Climate Network Funding Announced
By 250 News


A new climate research network is being launched and UNBC is one of the players.
Dr. Brian Menounos is the principle researcher of a team that has been granted a $2.1 million dollar grant from the Canadian Foundation for Climate and Atmospheric Sciences. The grant is for a four year research project that will focus on the climate clues evident in glaciers and in the sediment in lakes.
Glaciers cover about 10% of B.C.’s land mass. Menounos will try to secure samples from remote glaciers in the Coast, Columbia, Selkirk, Cariboo and Rocky Mountain Ranges, those samples may provide valuable clues to 400 years of climate changes and how the glaciers have reacted to those changes. The project will also attempt to predict how glaciers will change over the next 50 to 150 years.

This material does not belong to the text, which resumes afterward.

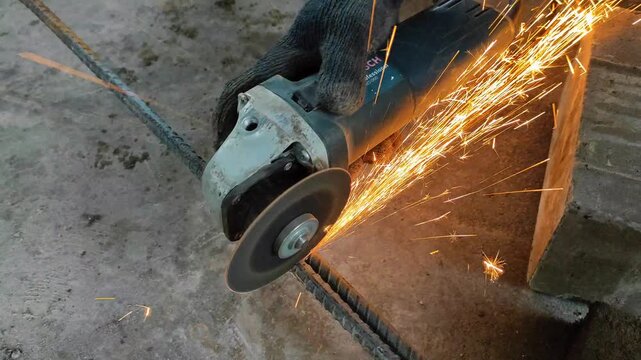 Close-up of cutting a steel rod with an angle grinder, sending bright sparks across a workshop floor. Shows metalworking, construction process, tools, and safety in industrial work.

The work is a collaboration of Menounous, Dr. Peter Jackson, Dr. Stephen Dery, Dr. Roger Wheate and Shawn Marshall from UNBC, plus 6 researchers from other Universities.
In a recent article Menounos penned for the “UNBC Update”, he says that outside of far north reaches, the warming of western Canada over the past 150 years has been more severe than anywhere else on the globe. In addition to the work on glaciers, the collection of lake sediment reveals flooding events through layers that are much thicker than others.
In the “Update” article Menounos says the research won’t be easy “but we know where to find our clues, buried under layers of mud and ice.”